Khan & Walker are two friends like to get fukt up and make music for their own record collection.

El Turco Loco is one of Khan’s labels that specializes in "Music Nobody Needs." It reflects Khan’s interest in music without boundaries and genres. All releases are very limited and already rare.

Super-8 works as an experimental pop label that is dance-floor compatible. Minimal-dub-house-trax.

PSI-Project is Khan’s first band. Started in his father’s bedroom in 1988. The featured track was recorded for the reunion of the band in 1997 and explains pretty well what these guys are all about. The band never got a record deal until today.

Black Sabbath Riot is a two member band, Lary 7 and Khan, and was formed via a cassette tape of a Black Sabbath concert in Milwaukee in 1980 (Ronnie James Dio was singing for them at the time). The concert never took place because the audience, after getting pretty pissed (and pissed off at the band), destroyed the venue. Lary and Khan decided to record a couple of songs that could have been played that night as if Black Sabbath were still alive and real cool.

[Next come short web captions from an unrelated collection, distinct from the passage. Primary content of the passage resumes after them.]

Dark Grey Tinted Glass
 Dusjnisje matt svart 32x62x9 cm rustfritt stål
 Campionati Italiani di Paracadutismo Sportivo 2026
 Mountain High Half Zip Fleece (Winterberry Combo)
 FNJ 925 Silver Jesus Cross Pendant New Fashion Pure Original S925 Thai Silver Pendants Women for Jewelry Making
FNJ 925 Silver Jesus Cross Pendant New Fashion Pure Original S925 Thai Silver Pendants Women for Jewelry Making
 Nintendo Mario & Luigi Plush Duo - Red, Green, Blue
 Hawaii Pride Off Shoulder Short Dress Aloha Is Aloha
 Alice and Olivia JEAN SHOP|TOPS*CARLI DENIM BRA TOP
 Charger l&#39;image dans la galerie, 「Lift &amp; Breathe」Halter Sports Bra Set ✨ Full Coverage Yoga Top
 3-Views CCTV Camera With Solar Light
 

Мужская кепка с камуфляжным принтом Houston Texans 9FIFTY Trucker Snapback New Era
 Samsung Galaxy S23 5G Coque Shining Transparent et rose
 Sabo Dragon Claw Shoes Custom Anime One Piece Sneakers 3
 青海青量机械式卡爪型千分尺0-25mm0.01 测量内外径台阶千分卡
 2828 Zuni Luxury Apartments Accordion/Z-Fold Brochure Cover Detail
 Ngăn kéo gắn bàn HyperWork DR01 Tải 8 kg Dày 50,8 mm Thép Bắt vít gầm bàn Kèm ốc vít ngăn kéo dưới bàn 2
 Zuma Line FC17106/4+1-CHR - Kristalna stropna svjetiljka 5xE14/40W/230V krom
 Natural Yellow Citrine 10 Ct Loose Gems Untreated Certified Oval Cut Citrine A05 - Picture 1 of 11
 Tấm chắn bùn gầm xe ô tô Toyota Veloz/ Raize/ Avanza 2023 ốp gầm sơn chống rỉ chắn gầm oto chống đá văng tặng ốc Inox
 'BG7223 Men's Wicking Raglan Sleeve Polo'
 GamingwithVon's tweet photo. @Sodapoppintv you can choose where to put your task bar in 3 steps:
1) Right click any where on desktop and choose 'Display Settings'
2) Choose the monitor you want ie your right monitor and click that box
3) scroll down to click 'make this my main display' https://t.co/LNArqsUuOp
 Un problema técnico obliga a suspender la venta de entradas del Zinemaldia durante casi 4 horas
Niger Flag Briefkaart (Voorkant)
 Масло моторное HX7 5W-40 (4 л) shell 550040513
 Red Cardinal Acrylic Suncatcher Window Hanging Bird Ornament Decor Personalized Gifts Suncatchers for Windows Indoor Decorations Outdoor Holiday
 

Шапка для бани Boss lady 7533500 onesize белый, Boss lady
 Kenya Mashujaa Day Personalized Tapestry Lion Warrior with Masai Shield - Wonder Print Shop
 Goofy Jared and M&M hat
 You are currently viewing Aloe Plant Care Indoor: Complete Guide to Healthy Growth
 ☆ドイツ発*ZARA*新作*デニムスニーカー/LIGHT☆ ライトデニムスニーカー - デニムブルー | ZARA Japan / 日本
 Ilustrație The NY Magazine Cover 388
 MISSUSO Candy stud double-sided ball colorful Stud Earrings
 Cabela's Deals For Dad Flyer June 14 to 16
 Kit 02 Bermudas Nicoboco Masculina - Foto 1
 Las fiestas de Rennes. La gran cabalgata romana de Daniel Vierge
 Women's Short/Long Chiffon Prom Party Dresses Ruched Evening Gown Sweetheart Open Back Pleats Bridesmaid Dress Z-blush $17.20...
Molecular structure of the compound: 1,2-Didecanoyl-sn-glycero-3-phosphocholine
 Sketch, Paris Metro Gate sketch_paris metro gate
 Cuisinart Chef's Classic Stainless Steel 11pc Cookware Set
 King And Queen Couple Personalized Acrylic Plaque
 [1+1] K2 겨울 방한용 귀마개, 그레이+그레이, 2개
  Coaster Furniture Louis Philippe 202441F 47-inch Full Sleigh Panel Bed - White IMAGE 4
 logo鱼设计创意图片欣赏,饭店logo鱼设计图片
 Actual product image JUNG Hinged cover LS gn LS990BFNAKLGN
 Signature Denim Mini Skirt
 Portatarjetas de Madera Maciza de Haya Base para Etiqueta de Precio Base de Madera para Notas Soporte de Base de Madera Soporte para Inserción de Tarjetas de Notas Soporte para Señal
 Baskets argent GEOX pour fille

Mass-Turbator did only one 12" that went straight to #1 on the DMC Buzz charts in 1993. NO JOKE!

 

 

 



1-900-GET-KHAN
May 4, 1999

Putting the "ech" back in techno... KHAN 1-900-GET-KHAN Electronic Music Maven Assails Puritanical US Sex Laws and Sterility of Current Club Scene with 1-900 number, Sex for Sale on his CD cover, and Sleaziest Record of the Year

The number costs $2.99/minute, the men advertising on the front cover are even steeper, so the CD is a sweet deal indeed at only about a quarter per minute...and (practically) guilt-free. 1-900-GET-KHAN is a working electro-sexual porn soundtrack with slick beats and prickly textures. It also is a working phone-sex number, with slick beats and prickly textures. The cover boys offer the same. Simple, huh? It’s about the ONLY simple thing about Khan, aka Can Oral. And yes, that IS his real name.

Can Oral was born to a Turkish father and Finnish mother and raised in Germany, before moving to New York City a few years ago. He has made literally hundreds of records under numerous pseudonyms (4E, Gizz TV, Bizz OD, El Turco Loco...) for numerous labels (Mille Plateaux, Force Inc., Harvest/EMI, Eat Raw...). He operates three record labels (Super-8, El Turco Loco, and Temple Records) and runs New York’s influential music shop Temple Records. He is also a well-respected DJ and has spun extensively throughout Europe, Mexico, Brazil, and Australia, in addition to the numerous parties he hosts in NYC. Khan is available for hire, though be warned--he charges per minute as well.

1-900-GET KHAN is Khan’s attempt to bring flesh and passion to a frigid electronic scene. It is also a reaction against Rudy Giuliani’s recent anti-sex laws in New York City, and a celebration of the illicit sex which is the obvious result of such oppression. Acting as voyeur to the sexual underground, Khan replaces the autonomy of the machines used to make his music with an absurdly lewd human physicality. Thus, the body returns to the forefront and Foucault can sleep soundly in his grave. Julee Cruise, known best for singing the "Twin Peaks" theme, co-wrote and sings on "Body Dump" and "Nowhere." "The 12th Commandment" features vocals by Bree McMasters, a professional phone-sexette from LA.

1-900-GET-KHAN is an expensive dinner, too many martinis, edible undies, and an apres-cigarette rolled into one raunchy package. Spin it right round like a record, baby.